Kerja sama pertanaman kopi antara petani dan PTPN dengan pola bagi hasil atau bentuk kemitraan lainnya.
Relokasi hortikultura, bagi warga yang tidak memilih menanam kopi. PTPN akan menyediakan lahan alternatif yang layak, tetap dalam sistem KSO.
“Kami menyambut baik semua aspirasi masyarakat. Intinya kami ingin solusi damai dan berkelanjutan,” kata Bambang.
Konflik ini bukan hal baru. Ketegangan antara petani lokal dan PTPN sudah berlangsung sejak era awal kemerdekaan. Wilayah Ijen yang subur menjadi perebutan kepentingan antara hak guna usaha (HGU) milik negara dengan klaim petani yang merasa memiliki keterikatan historis dengan tanah tersebut.
Bahkan beberapa waktu lalu terjadi ketegangan yang memana, pada hari Minggu kemarin ketegangan kembali memuncak dengan adanya aksi pengrusakan oleh orang tak dikenal dilahan kopi seluas 4,6 hektare di kawasan Kaligedang menjadi titik panas terbaru dalam sengketa ini.
Namun, mediasi kali ini menjadi momentum penting untuk memulihkan luka dan membangun kembali kepercayaan antara negara, perusahaan negara, dan rakyatnya.
“Ini bukan cuma soal tanah, ini soal keadilan yang tertunda selama puluhan tahun. Tapi sekarang kita buktikan bahwa dialog dan musyawarah masih punya tempat,” ungkap Nasim Khan yang dikenal masyarakat sebagai Robinhood karena dianggap sosok yang vokal membela hak-hak petani.
Bupati Bondowoso KH Abdul Hamid Wahid menyatakan bahwa kesepakatan ini menjadi langkah awal menuju penyelesaian tuntas.“Kami melihat masyarakat mulai terbuka untuk bekerja sama. Ini penting untuk jaga stabilitas dan masa depan kawasan Ijen,” ujar Bupati.
Senada dengan itu, Ketua DPRD, Kapolres, dan Dandim Bondowoso juga menegaskan komitmen untuk mengawal implementasi kesepakatan ini agar berjalan adil dan menguntungkan semua pihak.
Kajari Bondowoso Dzakiyul Fikri, S.H., M.H. yang memfasilitasi tempat mediasi, turut mendapatkan apresiasi dari Nasim Khan dalam forum tersebut.
“Terima kasih kepada Kajari yang telah memberikan ruang netral untuk pertemuan penting ini.

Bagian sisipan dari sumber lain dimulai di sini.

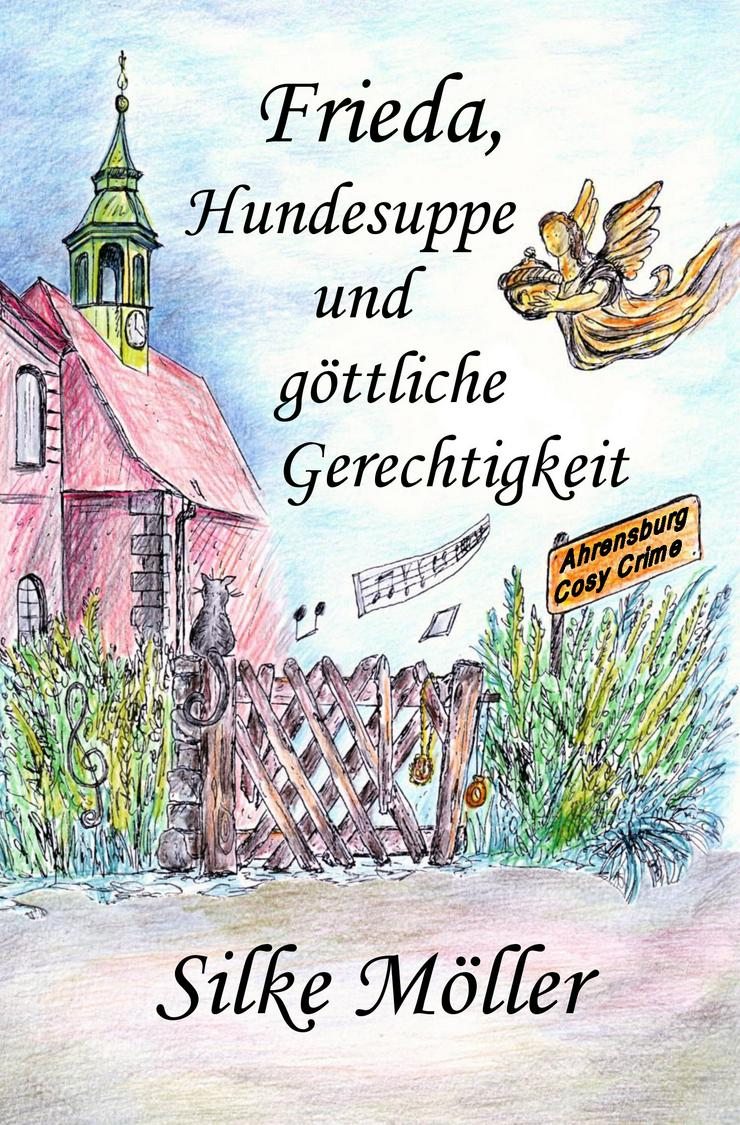 Bild 2: Frieda, Hundesuppe und göttliche Gerechtigkeit – Krimi von Silke Möller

Ini jadi bukti bahwa sinergi antarlembaga bisa benar-benar bekerja,” kata Nasim.
Meski telah ada titik temu, Nasim Khan mengingatkan bahwa ini bukan akhir dari perjalanan panjang konflik agraria di Ijen.
“Selama empat hari kami siang dan malam kami bekerja, beekominlasi dengan semua pihak agar permasalahan ini selesai. Beri kami sedikit waktu lagi. Ini proses panjang. Tapi kami pastikan, tidak akan berhenti sampai masyarakat benar-benar mendapatkan kejelasan dan kesejahteraan,” ujarnya.
Nasim juga menegaskan bahwa penyelesaian ini bisa menjadi preseden positif bagi penyelesaian konflik serupa di berbagai daerah lain di Indonesia.“Kita sedang menulis sejarah baru. Sejak PTPN I berdiri pada 1952, ini pertama kalinya dialog berjalan sejauh ini. Semoga menjadi contoh nasional,” pungkasnya.
Dengan kesepakatan yang kini mulai terbentuk, masyarakat berharap tidak hanya mendapatkan kepastian pengelolaan lahan, tetapi juga peningkatan kesejahteraan. Kopi bukan hanya menjadi komoditas ekonomi, tetapi simbol kolaborasi dan rekonsiliasi di “Republik Kopi” Bondowoso.
“Kalau bisa damai dan petani sejahtera, kenapa harus bertikai, aldulilah Robinhood datang masalahpun usai,’ujar salah satu warga yang hadir dalam forum mediasi.